Australia’s successful metrication strategy

There is much to be learned from Australia’s highly successful 1970s metrication programme. In a previous Metric Views article, we looked at two information leaflets produced by Australia’s Metric Conversion Board; Temperature and Pressure go Metric and Motoring goes Metric. Both leaflets were part of intensive public information campaigns in the lead up to “M-days” for weather forecasting and motoring – specific days on which official measurement units switched from the old units to modern metric units.

In this article, we take a look at another of their leaflets, Think Metric – It’s Easy.
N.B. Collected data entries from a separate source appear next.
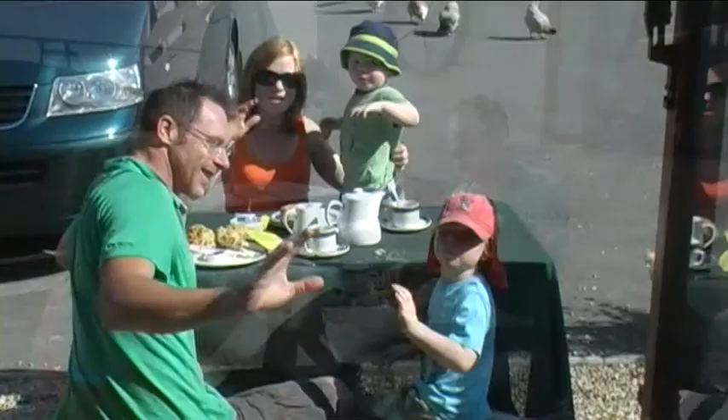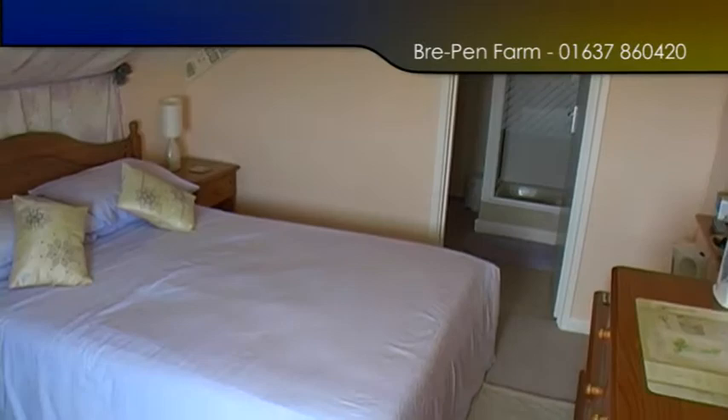My second job is Manuel the waiter in our wonderful B&B. We have four bedrooms, all en suite, a lounge, and a conservatory as you can see. We look forward to seeing you.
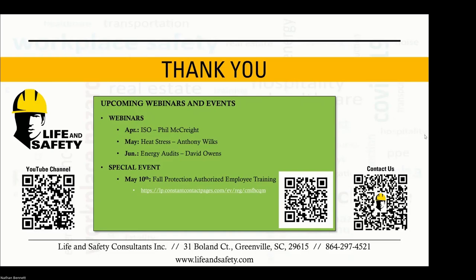That takes us through our Q&A section. Thank you everyone for attending and participating. We have upcoming webinars in April on ISO management systems and in May on heat stress. There is also a paid fall protection class at Lockheed here in Greenville during OSHA's fall protection emphasis week in May, running from 8 to noon. Scan the QR code on screen for information. Have a great weekend and stay safe.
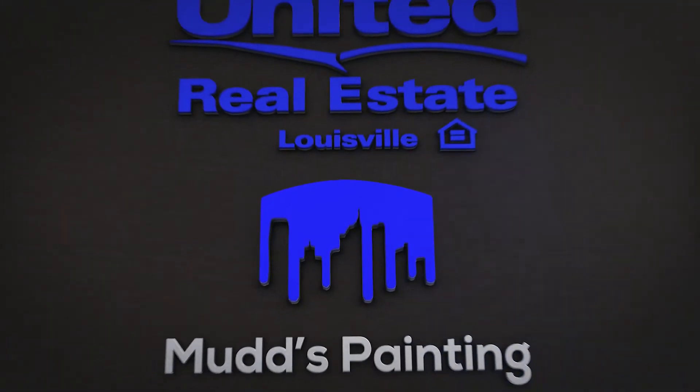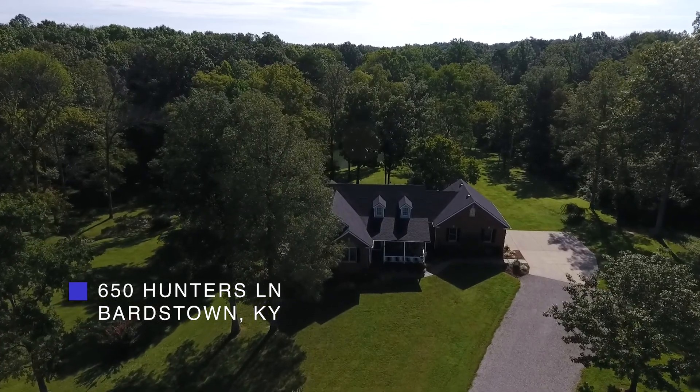I'm Daniel Mudd with United Real Estate. We want to welcome you all to 650 Hunters Lane in Barstown, Kentucky.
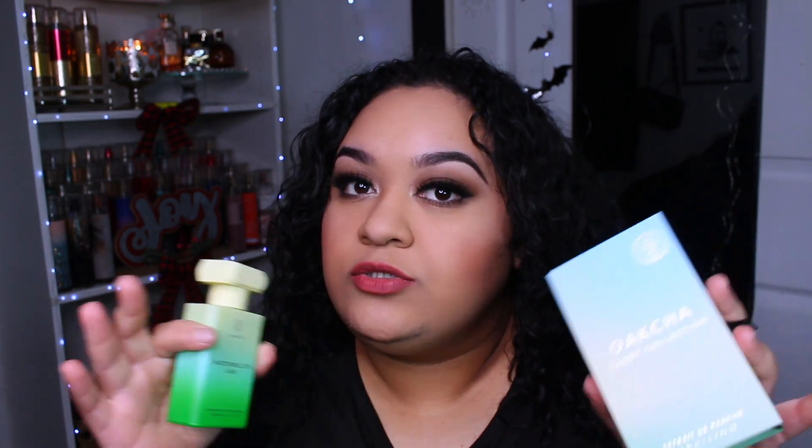They actually have a sample set for the candy line — it's only $12 to test out every fragrance in the candy collection. That way you can see which ones you like before buying a full bottle, which I think is amazing. For $12 it's not that much and you can smell all of them.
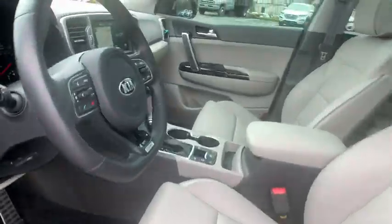This isn't just a vehicle, it's an experience. So stop in for a test drive today.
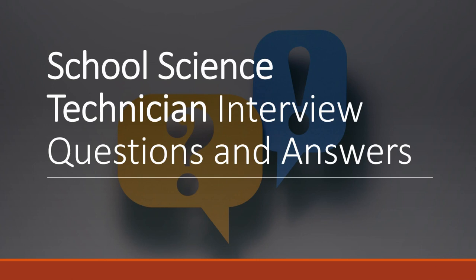In this video, I'm going to show you the most common science technician interview questions and help you plan really strong answers to these that will help you get the job.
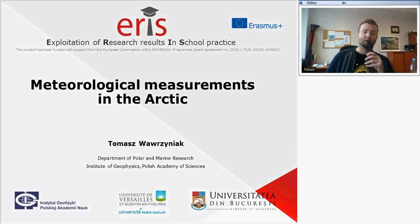My name is Tomasz Wawrzyniak. I work at the Department of Power and Marine Research at the Institute of Geophysics, Polish Academy of Sciences. I'm really happy that you are interested in using a work package about meteorological measurements in the Arctic. This presentation is a supplementary material for this work package. It contains information about measurements that are made in the Arctic, conducted at the Polish Polar Station in Hornsund.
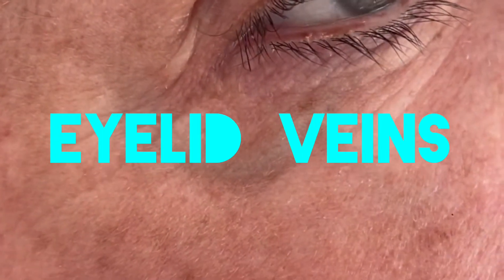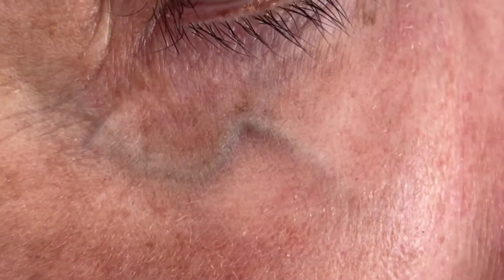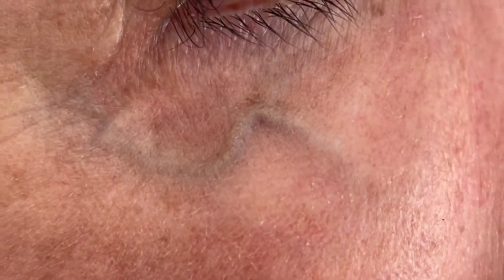This is Dr. Karamanoukian and today we're looking at eyelid veins. The presence of eyelid veins in the upper or lower eyelids is usually a cosmetic concern, more so than a medical concern. Unlike varicose veins in the lower extremities, which are caused by venous insufficiency, eyelid veins are usually genetic in origin and become more visible with age.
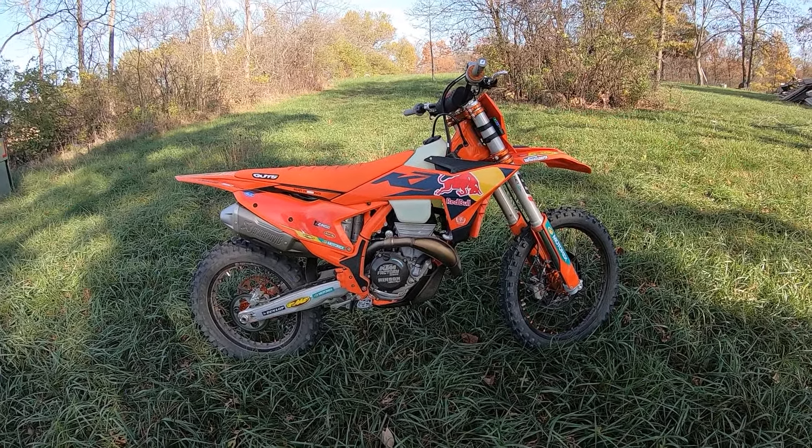Brakes are good. I am really digging this bike — it's fun to go soul riding on the 350 Factory Edition.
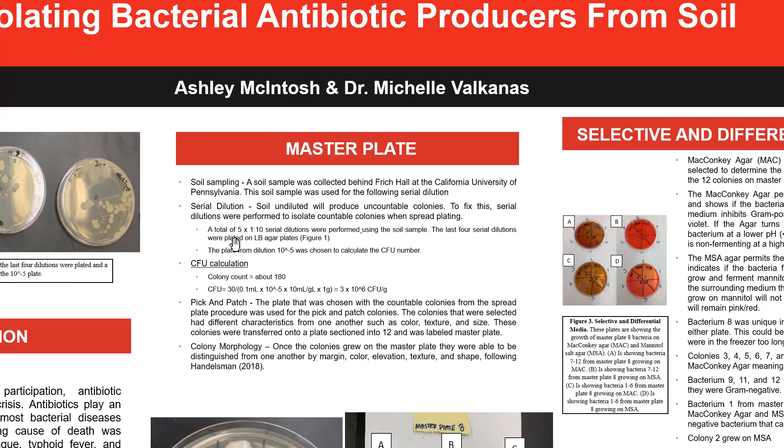This is done by taking 9 milliliters of water and adding a gram of soil, mixing it up — we'll call that tube A. In tube B there's 9 milliliters, and you transfer one milliliter from tube A to tube B and mix that up. The rest of the tubes C, D, E, F, G all have 9 milliliters of water, and you continue to transfer one milliliter to the next in order to get your diluted solutions. A total of 5 times 10 to the negative 10 serial dilutions were performed using the single soil sample.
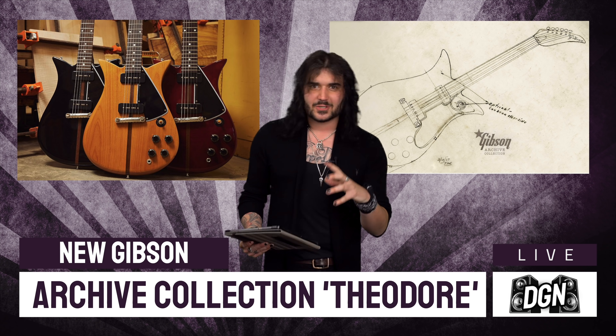It's absolutely fantastic. And finally, Wolfgang Van Halen has released some details on the mystery guitar he's been playing. He's been playing a very peculiar Wolfgang and I'm chuffed to bits about it. Anyways, let's get talking first about the beautiful Gibson Theodore.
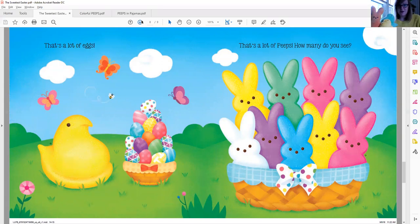Let's count those bunnies together — one, two, three, four, five, six, seven, eight, nine. I see nine Peeps bunnies in that basket. So colorful with all those beautiful spring colors celebrating Easter. What a lovely page.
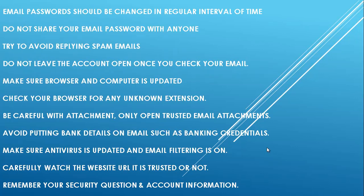Some general tips for securing your email: your email password should be changed at regular intervals. Do not share your email password with anyone, and try to avoid replying to spam emails. Do not leave the account open once you check your email. Make sure your browser and computer are updated, and check your browser for any unknown extensions.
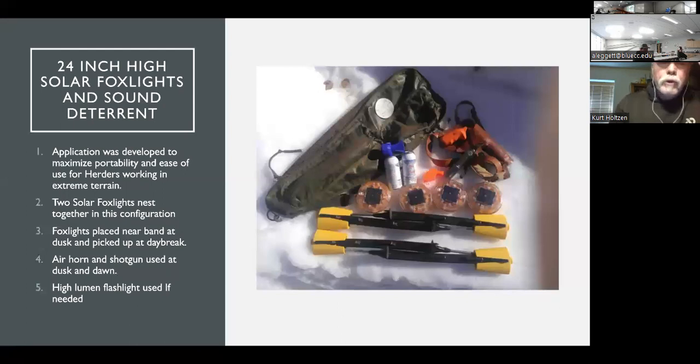Other tools besides the collar and the dogs include the Fox light, a starter pistol for noise, air horn, and a small carrying case. A high-lumen flashlight can also be used. These are pretty simple, compact, and easy to transport. The sheep start out on the desert in the spring and follow the green-up into high country on Forest Service allotments at seven or eight thousand feet in timbered, mountainous terrain. So this stuff has to all be lightweight and easy to set up and use.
  Think Metric - It's Easy, 1973  
click on the image to access the pdf

This tri-fold leaflet, produced in 1973, gives information about Australia’s metrication programme as a whole. It describes the thinking behind the conversion process, and emphasises how simple metrication can be once the “prop” of imperial conversions is abandoned. The leaflet advises readers to “forget the imperial system and, instead, associate familiar objects and situations with metric values”.

For example, converting every occurrence of Celsius temperature to degrees Fahrenheit adds an unnecessary layer of complication that discourages the switch to metric. Instead, learning typical Celsius temperatures for a handful of “recognition points” can be quick and straight forward. This strategy enabled Australia to switch from Fahrenheit to Celsius in weather forecasts in a single day. In contrast, in the UK, more than sixty years after nominally switching to Celsius, some British weather forecasters still use dual units for temperatures.

As the leaflet’s title says, “Think Metric – It’s Easy”. This is a strategy that UKMA fully endorses, and has devoted a website to.

The following is from the main body of the text in the leaflet:

“The system of metric units Australia is using is the International System (SI). It has much in common with older metric systems but, in recent years, has been extensively modified and improved. Even countries which have been metric for 100 years or more are replacing their older versions with SI – the most logical system ever devised.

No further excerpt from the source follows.